Fourth, does due process incorporate natural law limits on legislation? Such limits were forerunners of modern substantive due process rights.25 American jurists, including Representative Bingham, sometimes connected the requirement of “due process of law” or the “law of the land” with principles of divine or natural law.26 However, they believed that those rights were embedded in the basic principles of the common law that protected rights of property, personal security, contract, and freedom of movement. Antebellum courts and commentators occasionally did opine that positive law had to comply with general principles, natural right, or an abstract notion of “reason,”27 but the closest they came to enforcing these common-law norms was to read a loosely phrased statute narrowly to avoid violating them.28
Fifth, does due process include the right to judicial review of whether a state legislature acted in good faith in exercising the state’s police power?29 Under this view, the clause requires courts to review whether the legislature exercised its power in a good-faith attempt to achieve a constitutionally permissible end.
Sixth, is the text of the Due Process Clause sufficiently broad to include the evolving standards of justice and fairness that undergird modern substantive due process?30 This argument adopts a remarkably expansive view of discretionary judicial authority over democratically enacted law. Moreover, it conflicts with the predominant understanding of the Fourteenth Amendment’s framers and ratifiers. They sought to ensure that states would provide the same structural and procedural protections to black Americans that white Americans had enjoyed under state and federal due process and law of the land provisions.31 The notion that courts had the authority to declare unconstitutional a state statute for failing a highly subjective means–ends test or for infringing on unenumerated fundamental rights was a product of judicial creativity several decades after the Fourteenth Amendment.
Modern Procedural Due Process Doctrine
The modern doctrines that most directly continue the antebellum understanding of due process are called “procedural due process.” Carey v. Piphus (1978) observed that “[p]rocedural due process rules are meant to protect persons not from the deprivation, but from the mistaken or unjustified deprivation of life, liberty, or property.”32 The U.S. Supreme Court has recognized that the bedrock requirements of procedural due process are “notice and [an] opportunity for a hearing appropriate to the nature of the case.”33 Due process may require different procedures for criminal, administrative, and civil cases. For instance, due process permits a criminal conviction only upon a showing of guilt “beyond a reasonable doubt,” but it will permit a judgment of civil liability upon the lesser showing of a “preponderance of the evidence.”34
Traditional courts determined what process is due based on long-established procedures. Modern courts employ a balancing test based on the courts’ own intuitions about the importance of the interests and the reliability of the procedures. The Court has spoken of “property interests” and “liberty interests” instead of “rights.” Matthews v. Eldridge (1976) crafted a three-part balancing test based on (i) the individual’s interest in the property; (ii) the risk that the government’s proposed procedures would result in error and the probable value of additional procedural protections; and (iii) the costs to the government of additional process.35 The outcome of this balancing in any particular case is difficult to predict. Often, no more is needed than notice and an opportunity to be heard with no requirement of a disinterested tribunal.

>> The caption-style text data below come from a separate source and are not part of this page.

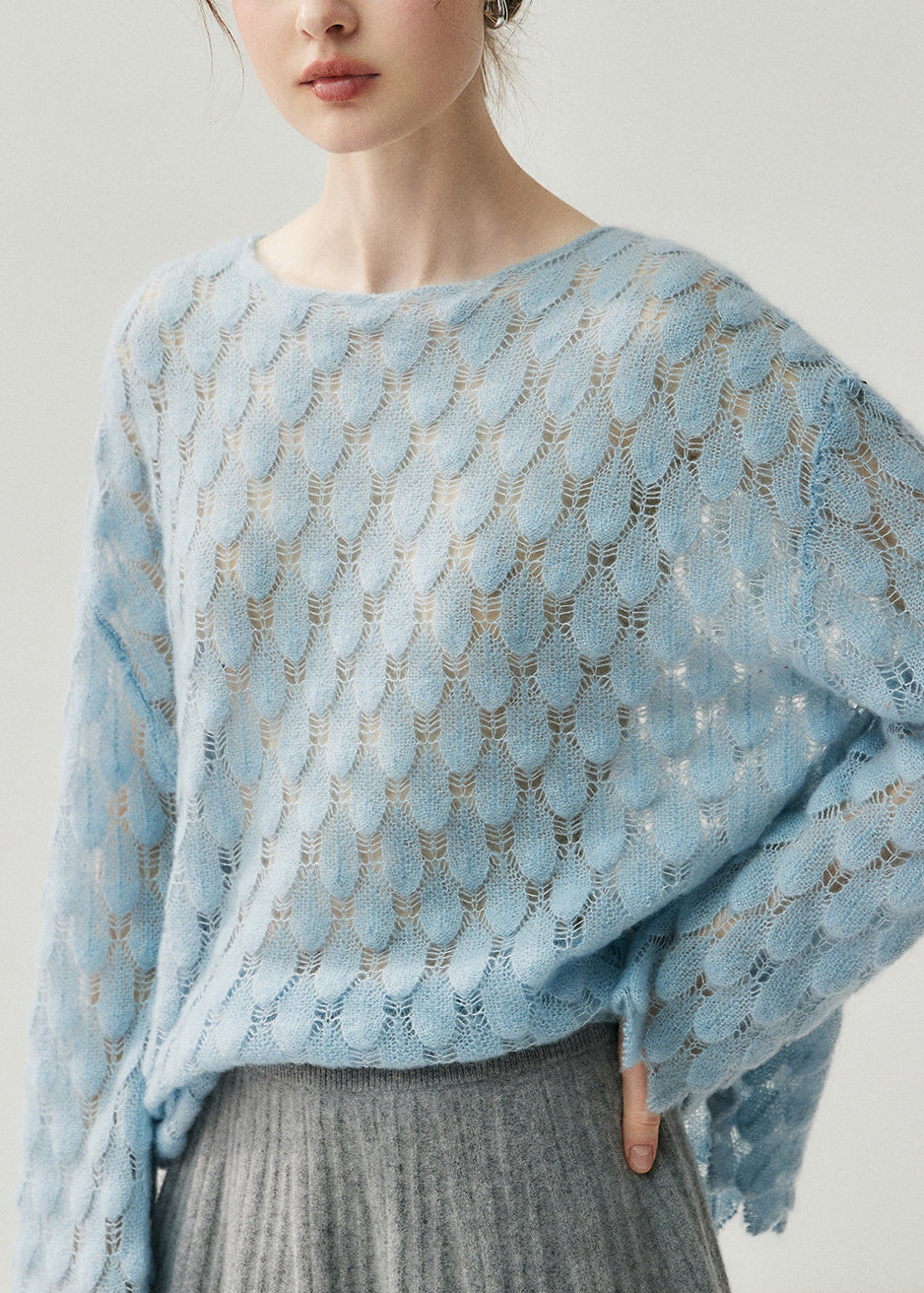 Suéter informal de punto de algodón azul claro con cuello oblicuo y aberturas para primavera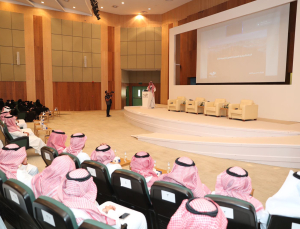 الجامعة تقيم لقاءً بأعضاء هيئة التدريس والطلاب حول الخطط الدراسية المعتمدة للفصول الدراسية الثلاثة
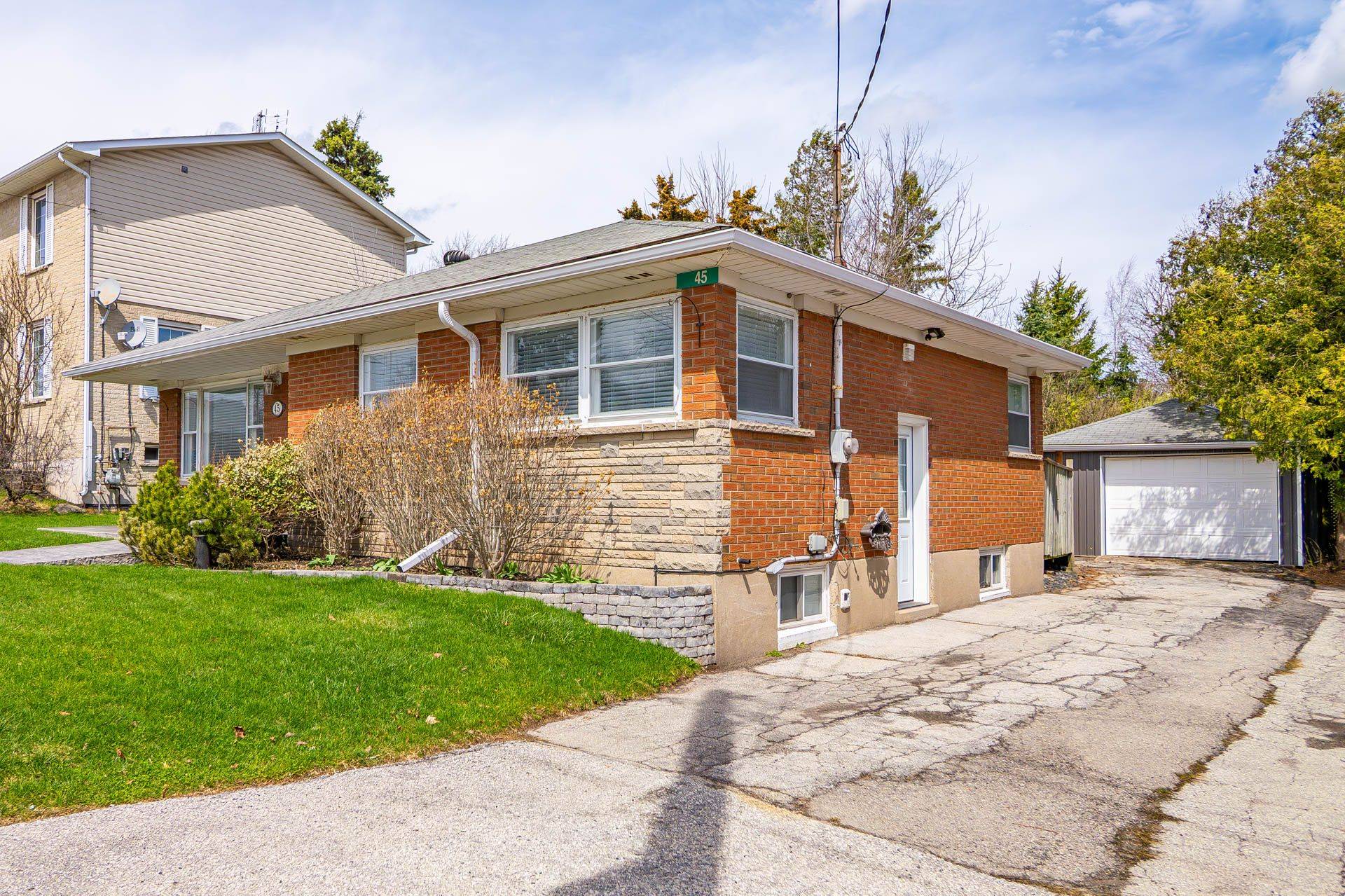 45 Main ST N, Milton, ON L0P 1B0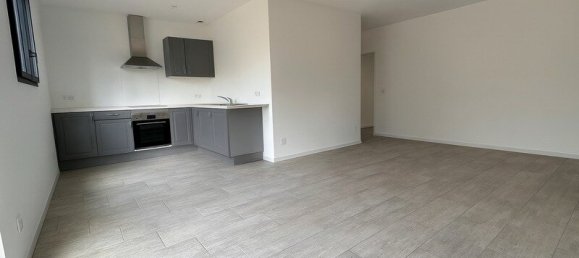 3 bedrooms House in Sarthe, France No. 333275 6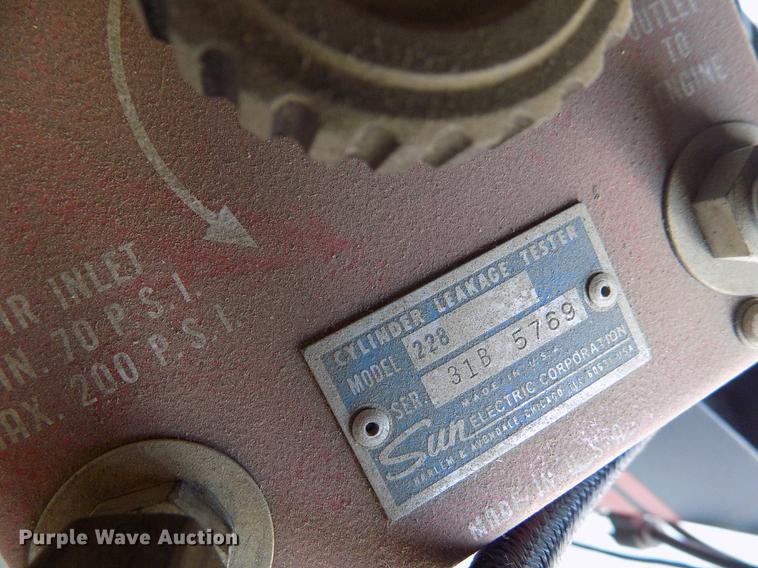 image for item ER9066 SUN Sleuth One engine analyzer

However, certain constitutionally grounded rights require more process. For example, when the state deprives a person of liberty through physical restraint, the government ordinarily must comply with constitutionally specified procedures that include a reasonable seizure and a jury trial with habeas corpus as a backstop. Hamdi v. Rumsfeld (2004) departed from this principle by holding that detainees held at the military facility in Guantanamo Bay, Cuba, required only the notice and hearing requirements usually applicable to civil cases involving welfare benefits.36 Justice Antonin Scalia dissented and would have afforded American citizens held in custody the full protections of the Due Process Clause. Takings of property under the Fifth Amendment require a jury trial to determine just compensation. For deprivations of so-called “new” property, such as welfare benefits, the process varies with context.37
Due process also ensures fair notice and procedural protections in a variety of special contexts. A state must comply with the Due Process Clause when it assesses, gives notice, and collects taxes with special taxes typically subject to more procedural protections and general taxes typically subject to fewer such protections.38 The clause applies to the deprivation of parental rights.39 The government also must comply with due process before involuntarily committing a person for mental health problems.40 Due process limits the exercise of state judicial power over defendants who have insufficient contacts with the state.41 Due process protects defendants from liability for violating overly “vague” laws that do not provide sufficient notice of their coverage.42 All of these “procedural due process” doctrines protect persons from mistaken deprivations of rights or from deprivations of rights without adequate notice.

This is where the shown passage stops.